Your assignment = Starting at the first line of the material below, retype each line exactly until you reach the line with "DEVOTCHKA Valentine’s Day", which is also included; pictures stay out.

Given data =
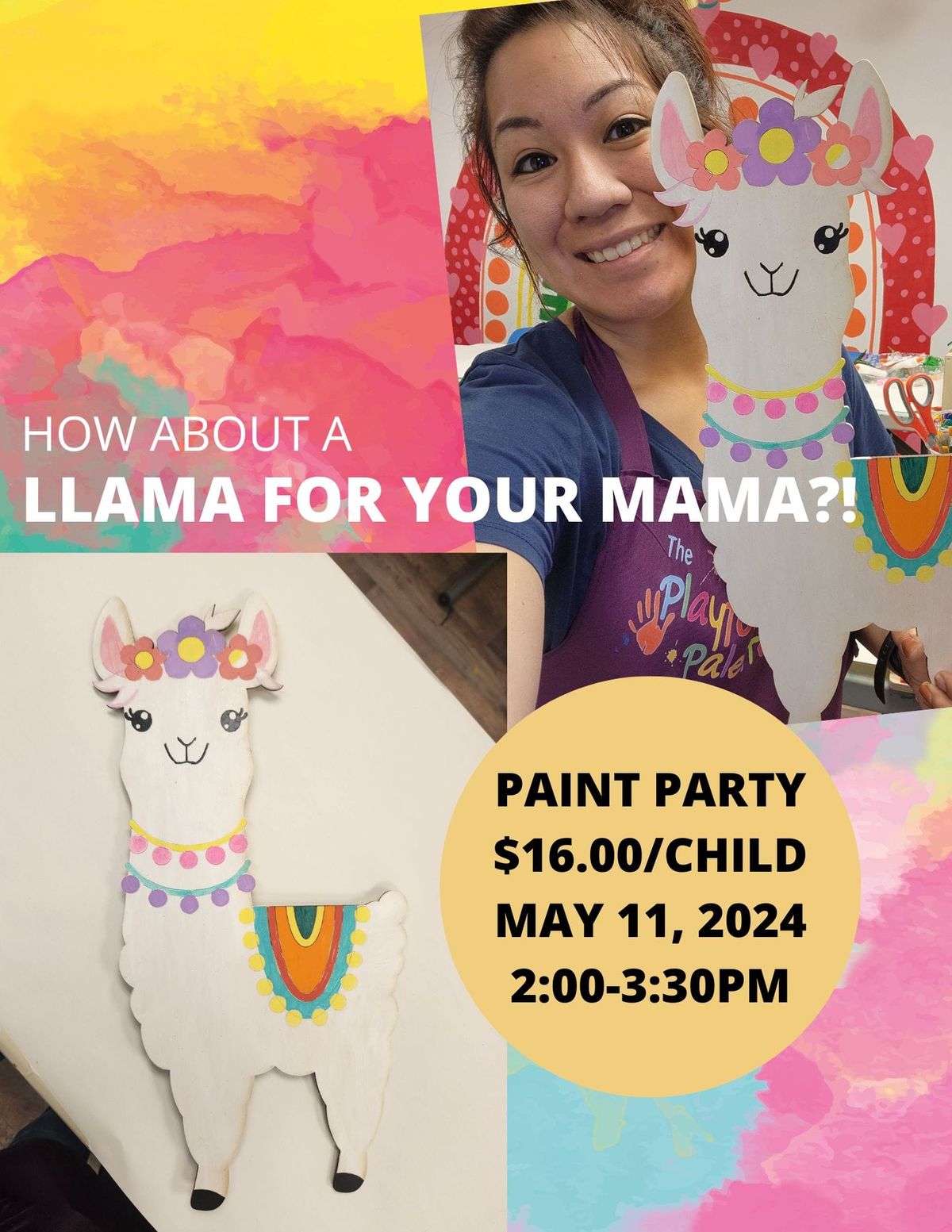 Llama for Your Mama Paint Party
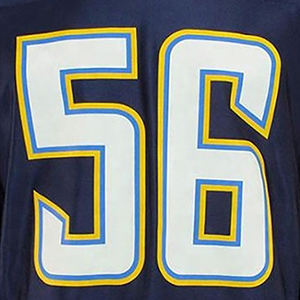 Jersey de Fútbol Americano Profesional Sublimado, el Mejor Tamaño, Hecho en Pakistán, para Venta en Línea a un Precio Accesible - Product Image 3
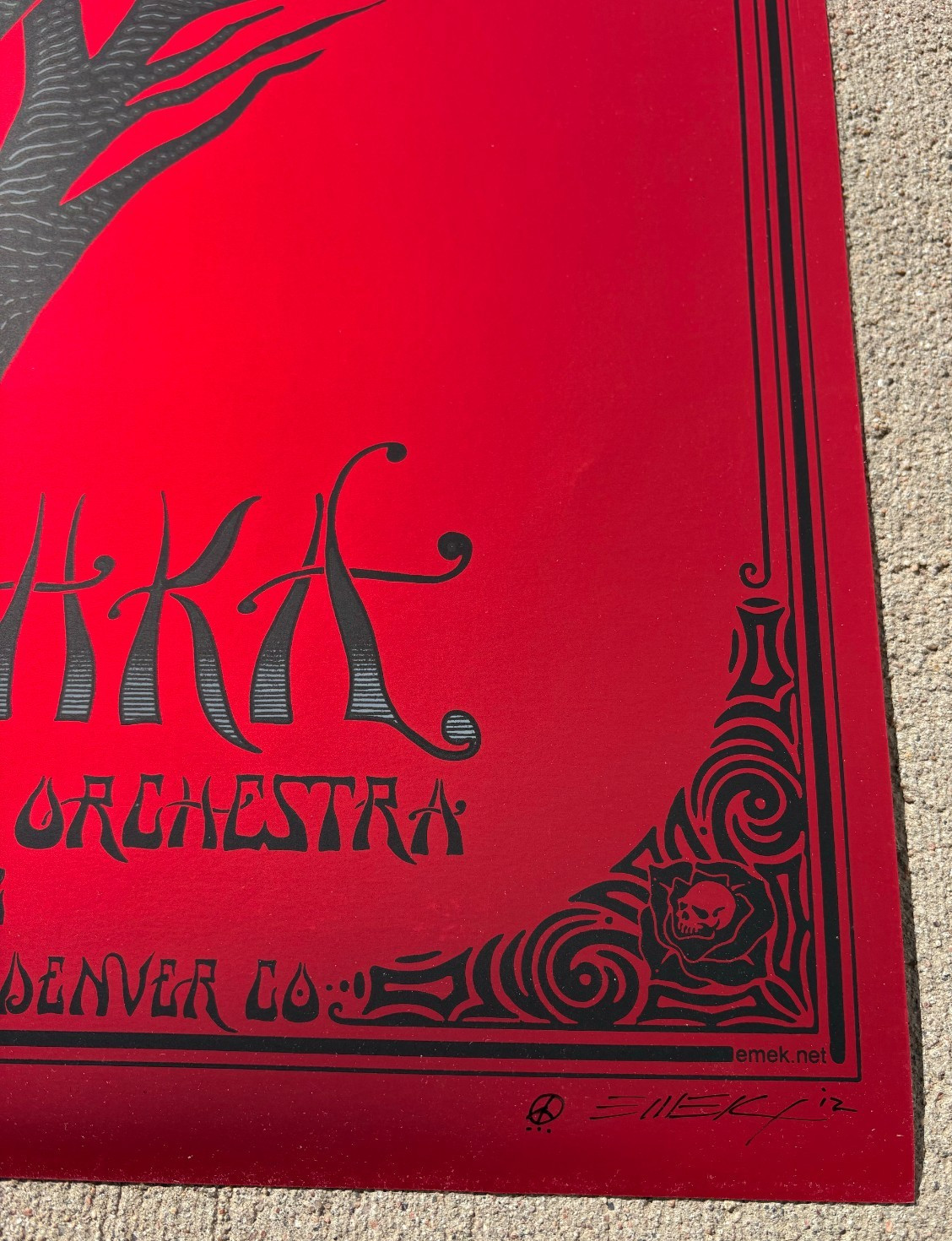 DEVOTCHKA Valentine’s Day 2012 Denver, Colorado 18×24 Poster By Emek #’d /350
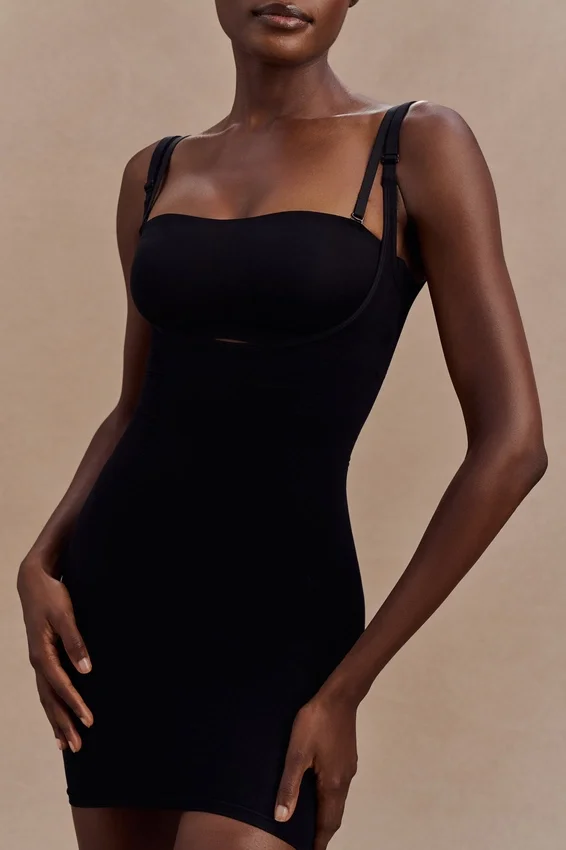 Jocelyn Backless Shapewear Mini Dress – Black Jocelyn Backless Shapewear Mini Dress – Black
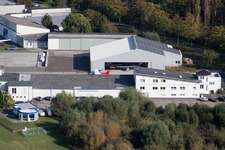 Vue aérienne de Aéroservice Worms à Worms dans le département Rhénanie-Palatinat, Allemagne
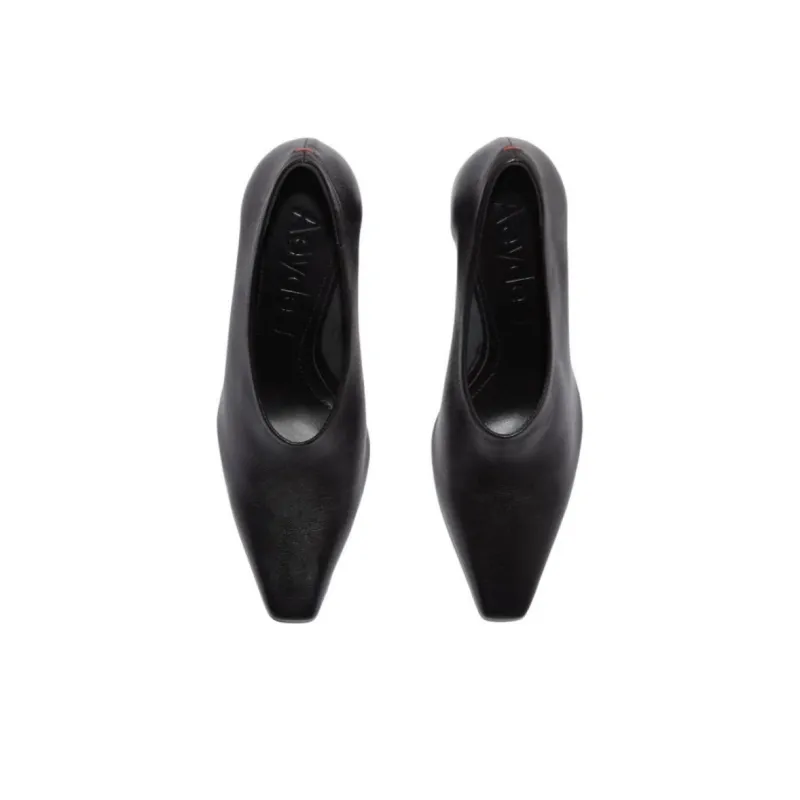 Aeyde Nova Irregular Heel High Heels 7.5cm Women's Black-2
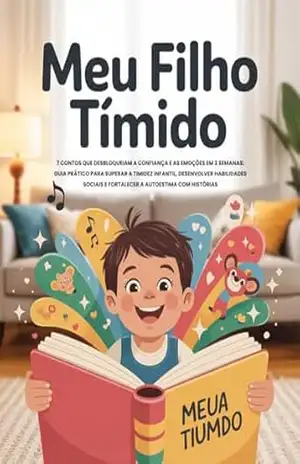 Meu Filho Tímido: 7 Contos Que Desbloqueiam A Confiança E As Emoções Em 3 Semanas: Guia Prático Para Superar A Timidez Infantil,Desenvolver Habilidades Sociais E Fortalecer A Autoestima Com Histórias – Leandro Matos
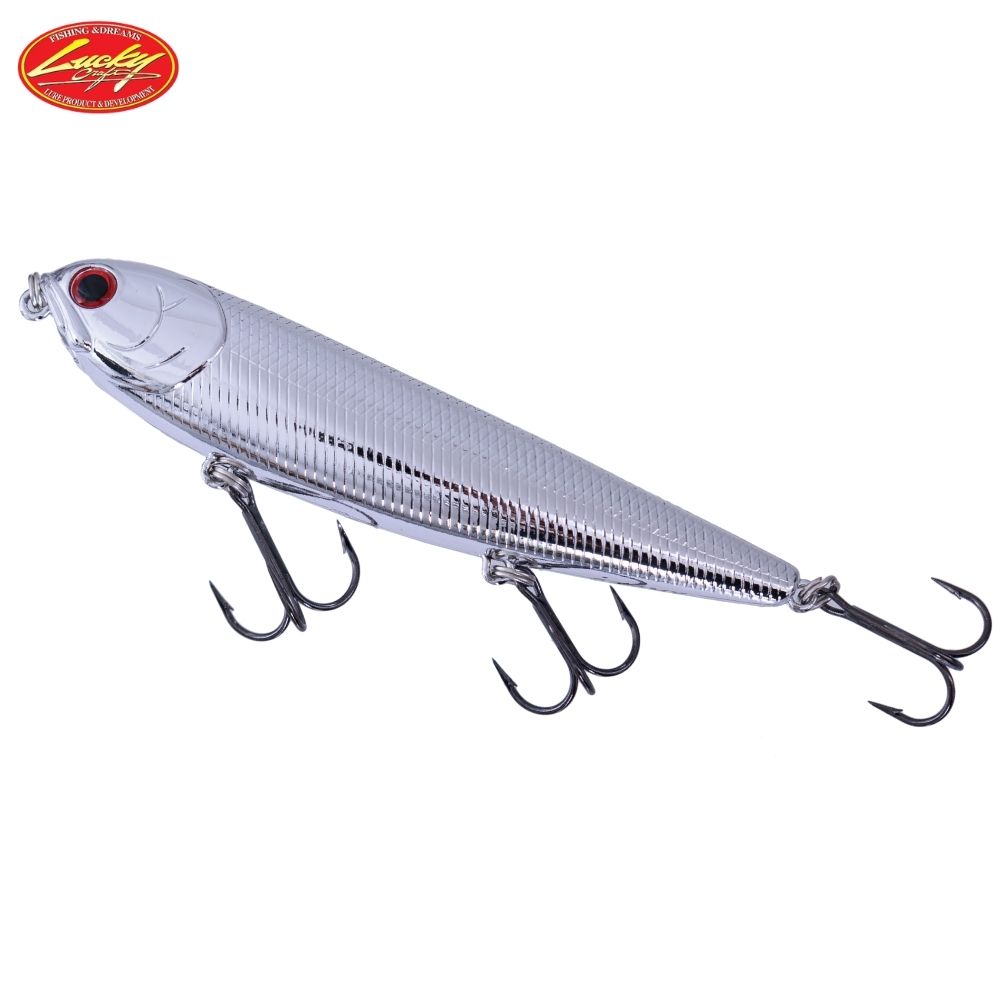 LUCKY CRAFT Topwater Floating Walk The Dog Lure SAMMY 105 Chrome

Response =
 Llama for Your Mama Paint Party
 Jersey de Fútbol Americano Profesional Sublimado, el Mejor Tamaño, Hecho en Pakistán, para Venta en Línea a un Precio Accesible - Product Image 3
 DEVOTCHKA Valentine’s Day 2012 Denver, Colorado 18×24 Poster By Emek #’d /350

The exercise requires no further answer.